Swapna Venugopal Ramaswamy is a White House Correspondent for USA TODAY. She joined the team during an election year that included President Joe Biden ending his reelection bid, Vice President Kamala Harris’ campaign for president and two assassination attempts against President Donald Trump.
While on the beat, she delivered exclusives including an analysis showing that during the 2024 election year, the largest rent increases were occurring in swing state markets and how the affordability crisis could spell trouble for Biden’s reelection bid.
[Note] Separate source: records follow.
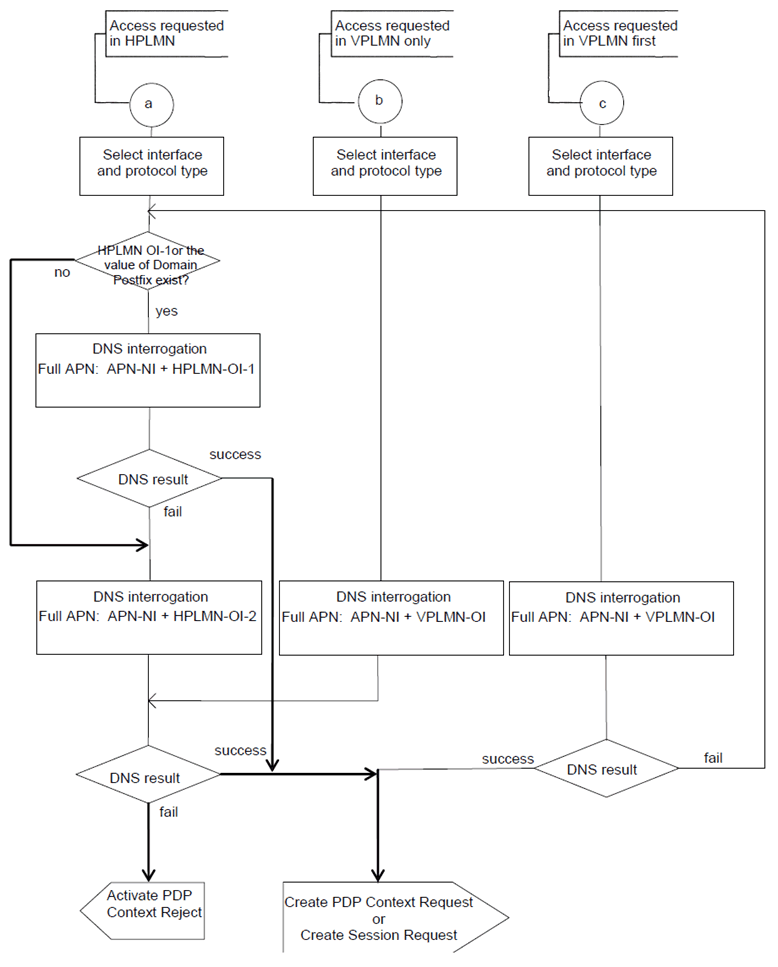 Copy of original 3GPP image for 3GPP TS 23.060, Fig. A.8: APN DNS query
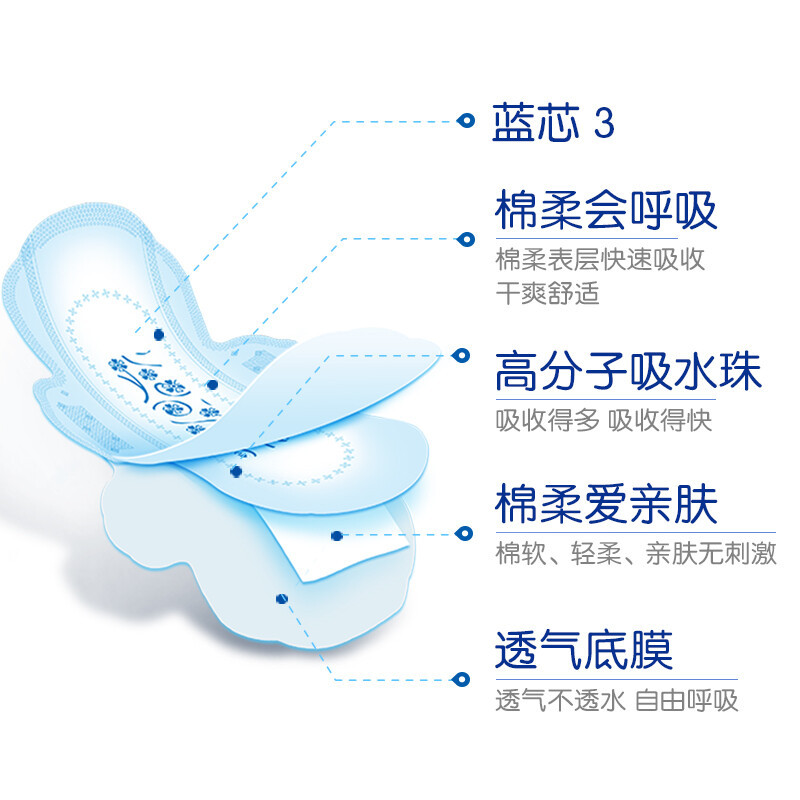 ABC Sanitary Pads Thin and Soft Daily Use 240mm 8 Pcs (KMS Health Formula) Home Use Menstrual Pads Factory Wholesale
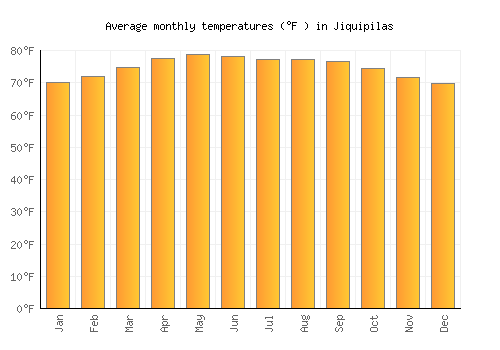 Jiquipilas average temperature chart (Fahrenheit)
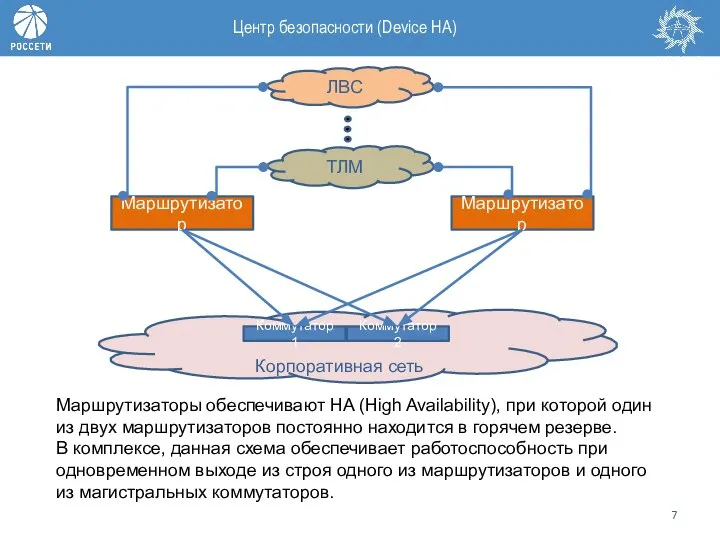 Центр безопасности (Device HA) Маршрутизаторы обеспечивают HA (High Availability), при которой один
She also broke news documenting the early misgivings among progressive Biden donors about his stance on the war in Gaza by reporting that many of them had boycotted a marquee Biden fundraiser featuring Presidents Biden, Clinton and Obama at Radio City Music Hall.
During President Trump’s second term in office, she has written about tariffs and how they have been used by the president as an economic and foreign policy tool, the tactics he’s deployed to build a ballroom in the East Wing and how Health Secretary Robert F. Kennedy Jr.’s Make America Healthy Again movement has become an integral part of the Trump White House agenda.
Before joining the White House beat, she was the National Housing and Economy correspondent for the paper, winning the Newswomen’s Club of New York’s 2022 Nellie Bly Award for the Best Bylined Front Page Story on contract selling. Prior to joining USA TODAY in 2021, she served as a regional reporter for Gannett newspapers in New York and New Jersey, where she developed a specialized beat focused on Women and Power. She received a Best of Gannett Individual Achievement Award for her body of work, a Distinguished Feature Writing Award from the New York News Publishers Association, and an award for Responsible Journalism from the New Jersey Press Association. Before that, she worked as an education reporter and as an Editorial Board member for The Journal News/lohud.com. In 2020, she was part of the USA TODAY team that won the Award for Outstanding Media Coverage of Family Issues from the Council on Contemporary Families.
She started her journalism career as a municipal reporter for The Home News Tribune in New Jersey after having spent a semester at the New York Daily News in Manhattan as a general assignment reporter. Born and raised in Mumbai, Swapna received a bachelor’s in economics and sociology. She holds a master’s in sociology from the University of Bombay and another in journalism from New York University.
Ramaswamy briefed National Press Foundation fellows in March 2026: Local Reporting As Preparation for the White House Beat: A USA Today Journalist Shares Her Story.